Someone who grew up doing colcha embroidery or quilting, for example, may not think of herself as an artist. It’s part of the folklorist’s mission to find and promote these artists and their work.
Figgen has served as state folklorist for Southern Colorado for five and a half years, a partnership position with the Colorado Council on the Arts and Trinidad State Junior College. The state program has formed partnerships with schools, believing that folklorists can work better on a regional level, and can serve their communities better when they live there.
Figgen now resides in Alamosa with her 16-year-old skateboarder son, Andrés Romero. Her partner, Leonard Velasquez, runs a concrete firm and is a part-time rancher. Her office is in the San Luis Valley Education Center in Alamosa.
Figgen has a doctorate in folklore and Latin American studies from Indiana University. She earned her bachelor’s degree in anthropology from the University of California at Berkeley.
She discovered her thesis subject in Argentina: the popular worship of a folk saint, Antonio Gil. Gil was a legendary Robin Hood figure, defying the government and giving to the poor. Gil’s popularity grew during that country’s “Dirty War,” and since then his admirers have built a culture around his life in their stories, art and celebrations. They hold a festival on the anniversary of his death, a gala that in 1994 drew 40,000 people.
Soon after completing her research on Gil, Figgen went to Graceland for the first time and discovered the same phenomenon surrounding Elvis Presley.
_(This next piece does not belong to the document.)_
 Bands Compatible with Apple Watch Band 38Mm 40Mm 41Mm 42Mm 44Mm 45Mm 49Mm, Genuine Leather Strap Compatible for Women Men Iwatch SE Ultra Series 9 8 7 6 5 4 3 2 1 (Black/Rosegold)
That made her a fan of the singer, and taught her that folklore is whatever the community says it is.
“It’s the contacts that define it,” she says, citing a weaver’s guild as an example.
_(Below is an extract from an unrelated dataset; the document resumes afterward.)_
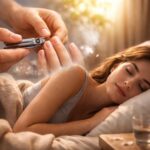 O femeie care doarme visând că își taie unghiile, simbolul unei noi începuturi.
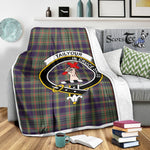 Scotstee Shop Tartan Plaid Blanket Taylor Weathered Clan Crest Badge Scottish Tartan Plaid Sherpa Blanket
“If there were a quilting competition involving a hand-stitched quilt and a machine-stitched quilt,” she says, “the machine-stitched quilt wouldn’t necessarily be disqualified — that’s up to that art community.”
“We don’t decide what is art and what is craft,” Figgen says of folklorists. “We go to the community for that answer.”
Once that answer is found, the folklorist’s mission is to expose that art, and artist, to the wider community.
“Folklorists don’t separate the art from the artists,” Figgen says. She believes mass marketing of art as “folk art” endangers the folk art community.
“It raises the profile [of the art form], but it confuses the consumer,” she says. Authenticity and tradition can be lost in mass marketing.
Figgen also wants to bring art and artists into public schools, through a program that teaches teachers how to use folklore to teach art, history and geography.
Other parts of her job include managing a Heritage Award program in Colorado; helping award grants through the Colorado Council on the Arts; and making demonstrations to schools and civic organizations. She taught folklore at Adams State College from 1992 to 1996.
Future plans include classes in colcha embroidery and ornamental ironwork. The SLV Education Center has offered a course in Santero woodcarving that’s been so successful it may be offered for college credit. A free class is being offered in scherenschnitte, the German art of paper cutting.
The state folklorists’ dream is to open regional or state folklore archives, to showcase the history and culture of Colorado art and artists.
But more than anything else, Figgen enjoys getting everyone involved.
“Try everything,” she says. “You may have a talent you don’t know you have.”
Figgen points out that everything in a culture has an æsthetic element, from cooking traditional dishes to storytelling.
“Everyone practices some sort of folk art,” she says. “A folk group can be as small as two people you and your childhood friend and that secret language you invented when you were children.”
Marcia Darnell lives and writes in the San Luis Valley. She hopes to get a grant to pursue the ancient art of free-lancing.